START Records for this exercise

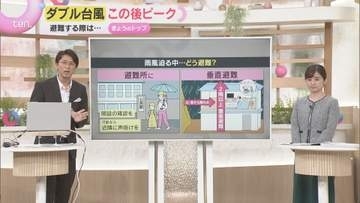 【気象予報士・蓬莱大介さんの解説】ダブル台風　あす27日近畿最接近　降り続く大雨　川の氾濫や土砂災害を厳重警戒を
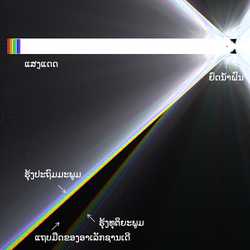 ຮຸ້ງກິນນ້ຳ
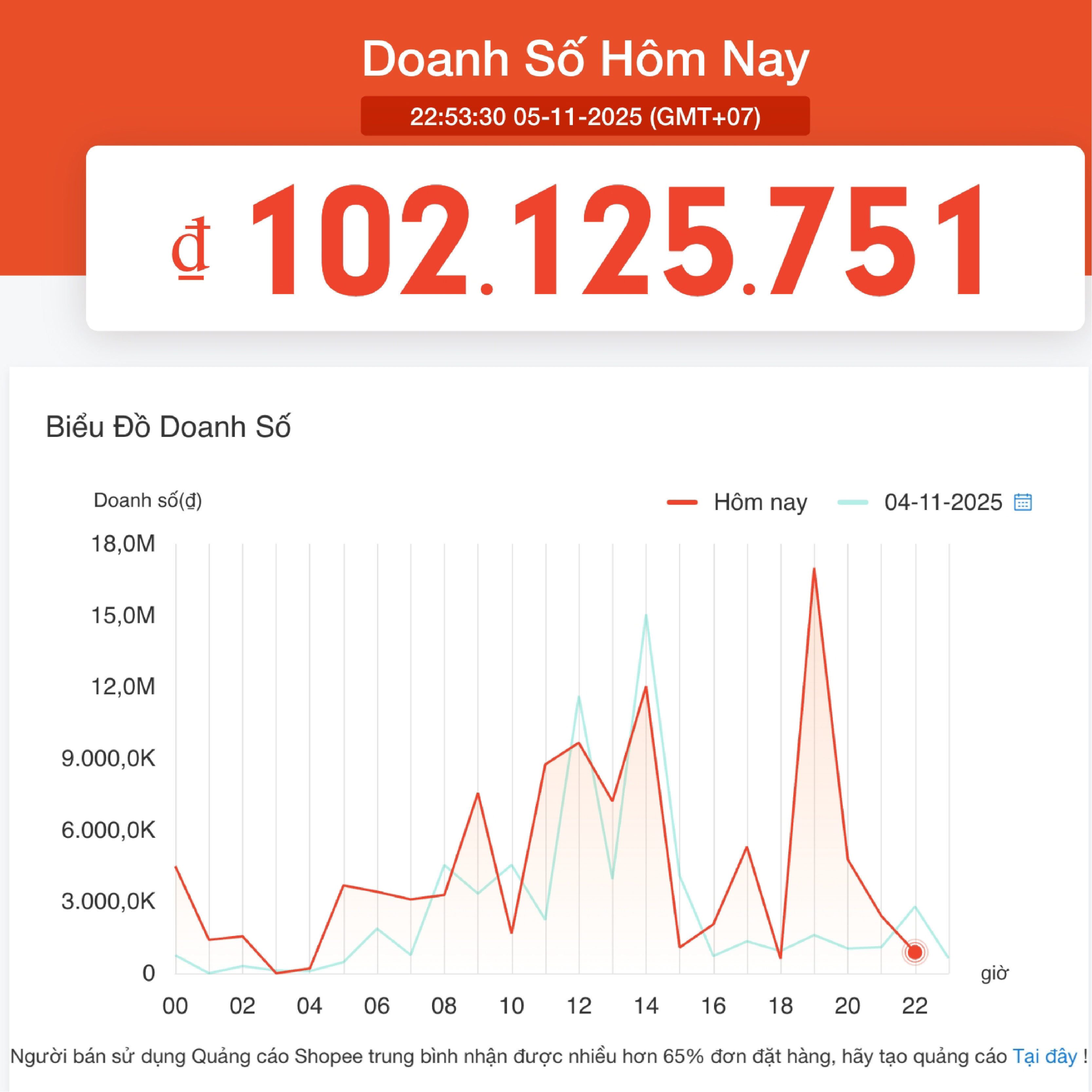 Doanh số ngày thường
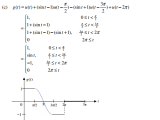 Laplace Transform Unit Step Function Value Mathematics Stack Exchange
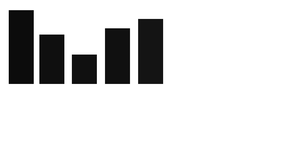 psuedo bar graph.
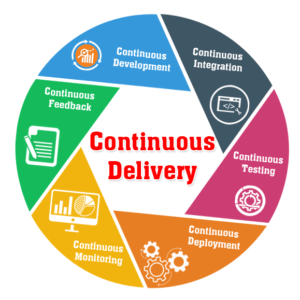 Continuous Delivery: Updates by Automating Quality Assurance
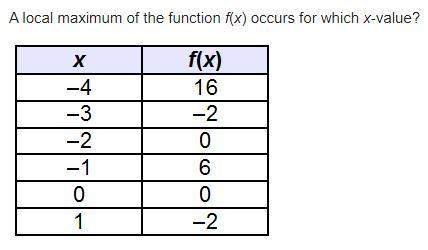 Alocal maximum of the function f(x) occurs for which x-value?  a. -4 b. -3 c. -2 &lt;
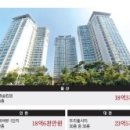 해운대경동제이드아파트 Daum카페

END Records for this exercise

(What you need to do) Your answer must be the lines from the opening line of the entries through the line holding "Alocal maximum of", written out exactly and without any picture.

(Response area)
 【気象予報士・蓬莱大介さんの解説】ダブル台風　あす27日近畿最接近　降り続く大雨　川の氾濫や土砂災害を厳重警戒を
 ຮຸ້ງກິນນ້ຳ
 Doanh số ngày thường
 Laplace Transform Unit Step Function Value Mathematics Stack Exchange
 psuedo bar graph.
 Continuous Delivery: Updates by Automating Quality Assurance
 Alocal maximum of the function f(x) occurs for which x-value?  a. -4 b. -3 c. -2 &lt;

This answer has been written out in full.